La construcción mediática del nuevo modelo de mujer de éxito no es inocente. Tener arrugas, ser mayor, tener barriga, compatibilizar trabajos exigentes y/o precarios han pasado a ser pesadas cargas para las mujeres del Norte. En el Sur es la clitoridectomía y en el Norte las adolescentes se matan de hambre para cumplir el patrón estándar de medida y peso, que les exige la sociedad para ser dignas de alcanzar el éxito.

La aparición de «la maruja» no es casual. Es un paso más que conduce a la aniquilación de una serie de valores contrarios al consumo, a la monetarización de la sociedad y permite la penetración de una serie de mercancías que antes no tenían cabida: la comida rápida, la cosmética, la cirugía estética, etc. Para el capital es necesario crear esta imagen, igual que se etiqueta de violento al que disiente del sistema, de troglodita a quien habla de reducción en el consumo, o de habitante de otra galaxia a quien denuncia la obsolescencia planificada en los procesos de producción.
La invisibilidad del trabajo de las mujeres, también es extensible al mundo de la izquierda. Las mujeres militantes y activistas de izquierdas, mientras se encuentran en una reunión con sus compañeros hombres, emplean una parte de sus neuronas en preocuparse por el futuro de la humanidad y la otra en tratar de recordar si el niño tiene calzoncillos limpios para mañana o si hay que repasar los deberes con él porque va flojo en el colegio.

¿Cómo hacer para que los hombres de la izquierda, los compañeros de lucha y de vida de tantas mujeres se preocupen de si el niño tiene calzoncillos? ¿Cómo hacer para que compartan las preocupaciones y las tareas de los más cotidiano y doméstico?

Muchas mujeres creen que la única vía posible es renunciar a realizar los trabajos asociados a la reproducción y los cuidados, otras no quieren renunciar a ello y se pelean por conseguir un reparto equitativo de las tareas domésticas.

Muchas mujeres han iniciado el viaje de lo doméstico a lo público, pero el viaje de los hombres en el otro sentido está aún por hacer.

La realidad tiene dos extremos. Uno es el extremo visible y masculino que firma contratos, toma decisiones, que va aparejado a la productividad, a lo público, a la ciencia y la tecnología y al mercado.
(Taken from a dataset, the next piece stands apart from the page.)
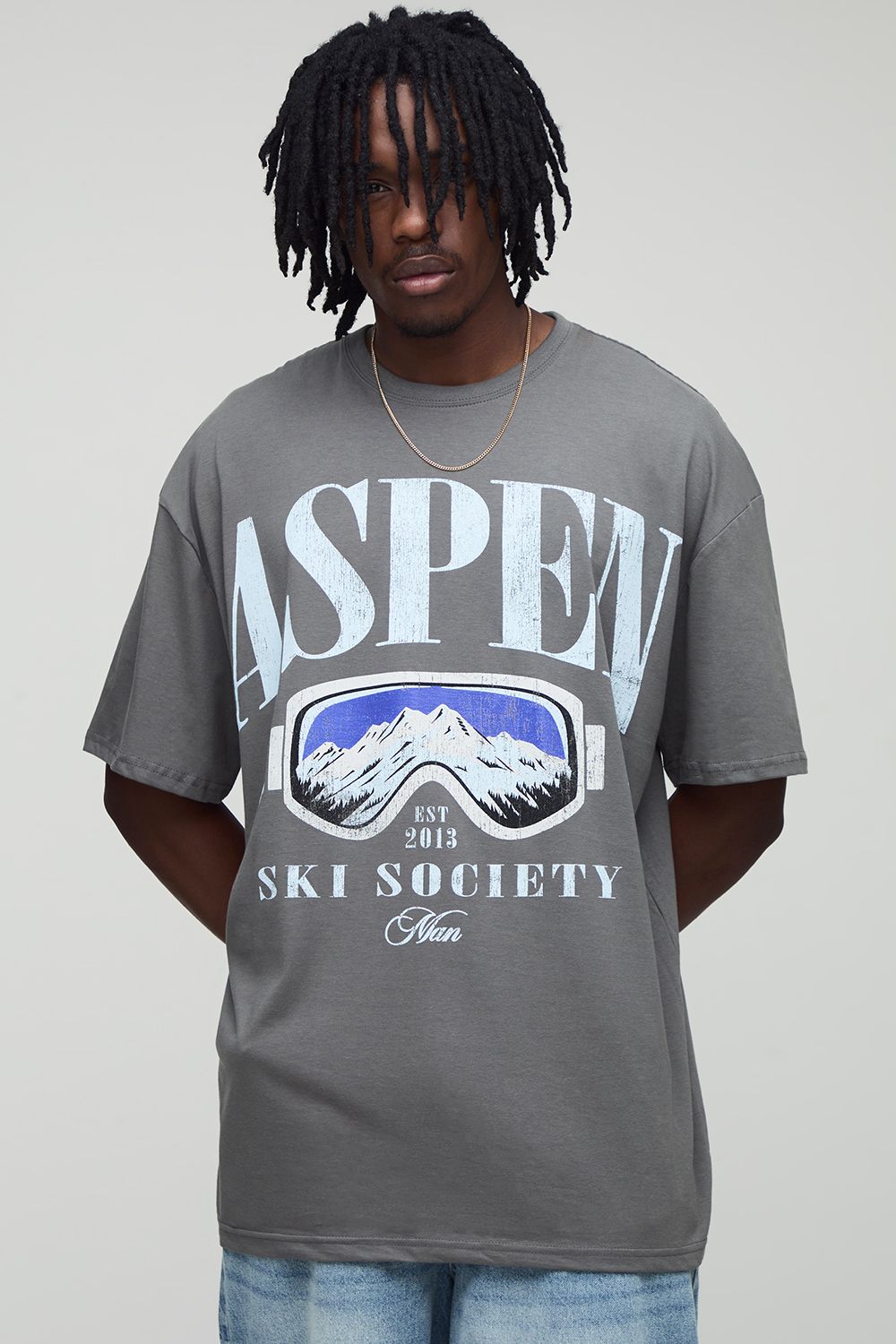 Tall Oversize T-Shirt mit Man Script - Grau - XL, Grau von boohooman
El otro es el extremo femenino, que trabaja en la cooperación, en lo cotidiano, en lo doméstico, en lo oculto, en lo próximo. Por el momento sólo el primero tiene voz, así nos va.

Los hombres tienen una deuda con las mujeres. La equidad entre hombres y mujeres sólo se alcanzará cuando la historia contada por los hombres, se complemente con la narración de las mujeres, cuando los hombres recorran el camino de lo público a lo doméstico, asumiendo la responsabilidad de colaborar en las tareas imprescindibles que las mujeres de modo silencioso y sencillo llevan siglos regalando al conjunto de la humanidad.